Reacting to Aspen’s inclusion of this snippet of the earlier ISS report in its July letter to shareholders, Endurance called Aspen’s statements misleading in a July 1 media response. “No other CEO in our industry is aligned with shareholders like John Charman,” the July 1 Endurance statement said, noting that Charman invested $30 million of his own money into Endurance when he joined and another $25 million in connection with the Aspen bid—and also that he takes no base pay, fully committing himself “as a shareholder on a long-term basis.”
“Noticeably absent from Aspen’s letter is any discussion of their long-term track record of poor operating performance under current management and dismal corporate governance practices,” the July 1 response said.
The Profit Numbers Battle
Apart from executive pay and other governance issues, the companies have been waging an ongoing war of numbers, with each saying its record of profit is better than the other’s. Making the latest move in the numbers contest, Aspen preannounced its earnings for the second quarter last week—putting operating earnings in the range of $1.30 and $1.35, the combined ratio at about 90.0, and estimating an annualized operating return-on-equity between 12 percent and 12.8 percent.
Earlier last week, on July 10, both Endurance and Aspen sent letters to shareholders recapping relative performance of the two companies with dueling graphics and highlighting differences from their vantage points. The two sides also sparred about Aspen’s growing catastrophe reinsurance book, its controls over program business and disclosures about loss reserving practices.

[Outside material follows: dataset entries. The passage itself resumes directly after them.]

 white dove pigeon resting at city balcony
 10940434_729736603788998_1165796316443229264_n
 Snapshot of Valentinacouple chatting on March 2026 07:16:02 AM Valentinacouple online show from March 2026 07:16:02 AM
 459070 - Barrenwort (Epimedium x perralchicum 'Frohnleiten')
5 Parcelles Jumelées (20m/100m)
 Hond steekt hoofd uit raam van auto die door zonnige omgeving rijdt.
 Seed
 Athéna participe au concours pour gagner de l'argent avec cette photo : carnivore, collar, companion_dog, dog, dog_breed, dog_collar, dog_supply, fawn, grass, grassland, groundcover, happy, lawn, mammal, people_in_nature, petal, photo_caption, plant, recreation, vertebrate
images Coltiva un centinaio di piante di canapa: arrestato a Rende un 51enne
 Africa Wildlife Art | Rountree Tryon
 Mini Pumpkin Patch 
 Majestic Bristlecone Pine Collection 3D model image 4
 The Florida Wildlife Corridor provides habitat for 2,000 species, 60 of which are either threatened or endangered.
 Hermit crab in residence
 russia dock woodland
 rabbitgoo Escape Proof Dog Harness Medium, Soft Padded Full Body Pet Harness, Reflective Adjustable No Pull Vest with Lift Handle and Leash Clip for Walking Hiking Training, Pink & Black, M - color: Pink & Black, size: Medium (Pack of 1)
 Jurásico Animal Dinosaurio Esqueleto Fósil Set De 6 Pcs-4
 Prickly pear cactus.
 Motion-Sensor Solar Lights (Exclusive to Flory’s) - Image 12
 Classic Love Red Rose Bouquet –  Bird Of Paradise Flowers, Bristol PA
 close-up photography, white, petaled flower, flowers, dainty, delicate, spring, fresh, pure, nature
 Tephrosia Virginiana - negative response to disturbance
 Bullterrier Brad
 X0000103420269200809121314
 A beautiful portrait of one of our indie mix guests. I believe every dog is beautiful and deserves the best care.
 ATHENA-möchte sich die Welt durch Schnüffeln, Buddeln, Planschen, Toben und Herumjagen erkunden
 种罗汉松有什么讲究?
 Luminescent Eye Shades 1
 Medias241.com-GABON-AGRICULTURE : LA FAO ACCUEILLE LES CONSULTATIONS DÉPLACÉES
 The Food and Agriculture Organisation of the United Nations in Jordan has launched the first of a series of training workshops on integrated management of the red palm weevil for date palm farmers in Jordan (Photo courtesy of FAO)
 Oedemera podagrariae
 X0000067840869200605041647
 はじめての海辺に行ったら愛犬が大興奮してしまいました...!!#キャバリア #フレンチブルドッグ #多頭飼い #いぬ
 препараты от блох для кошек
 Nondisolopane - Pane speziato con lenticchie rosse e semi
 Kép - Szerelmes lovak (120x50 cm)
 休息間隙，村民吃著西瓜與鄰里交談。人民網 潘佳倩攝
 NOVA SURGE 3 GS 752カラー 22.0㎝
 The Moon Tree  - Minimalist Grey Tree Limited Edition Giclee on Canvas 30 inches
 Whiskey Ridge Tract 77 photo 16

As for the numbers, Aspen, showing accident-year combined ratios for 2009-2013, noted that it had outperformed Endurance in four of five years. Endurance’s bar graphic—displaying calendar-year combined ratios for the same years—shows Endurance with better results for three of the five.
But how much better one is than the other isn’t entirely clear to outsiders—even to experienced analysts. In a July 2 blog item, analyst Stuart Shipperlee of Litmus Analysis set out his own table of the loss ratios, combined ratios and returns, with calculations of the five-year averages.
“These are two peas from the same performance pod. Even the volatility profiles are remarkably alike,” he concluded.
Separately, representatives of Aspen also sent a research note to the media from another insurance analyst last Friday, this one from an investment firm, suggesting that the combination of the two companies is a good idea but that the deal should command a higher price when taking second-quarter results into account. (Permission to cite the exact language of the note was requested from the analyst but not granted at press time, so we cannot identify the firm or share the pricing details.)
The latest play in the Endurance vs. Aspen match came on Monday morning, with Endurance responding to the ISS commentary on the shareholder proposals.
“While we are disappointed by the ISS recommendations and strongly disagree with the positions taken, Aspen shareholders should note that the ISS report explicitly takes no position whatsoever on the merits of our offer,” the statement says, attributing the response to Charman.
Charman maintains that the ISS report “surprisingly ignores the substantial and fundamental issues of poor corporate governance continuously demonstrated by Aspen’s board and management, relying instead on questionable technical assessments of vote timing and mechanics.”
“ISS fails to recognize that Endurance was forced to take the two proposals directly to Aspen shareholders because of the failure of Aspen’s board and management to enter into discussions with Endurance,” he says.
“The ability to demand good corporate governance and effect change at Aspen is now in the hands of Aspen shareholders. We strongly encourage Aspen shareholders to vote for our shareholder proposals or risk losing all of the immediate benefits and opportunity for future value creation of our proposed transaction,” Charman concluded.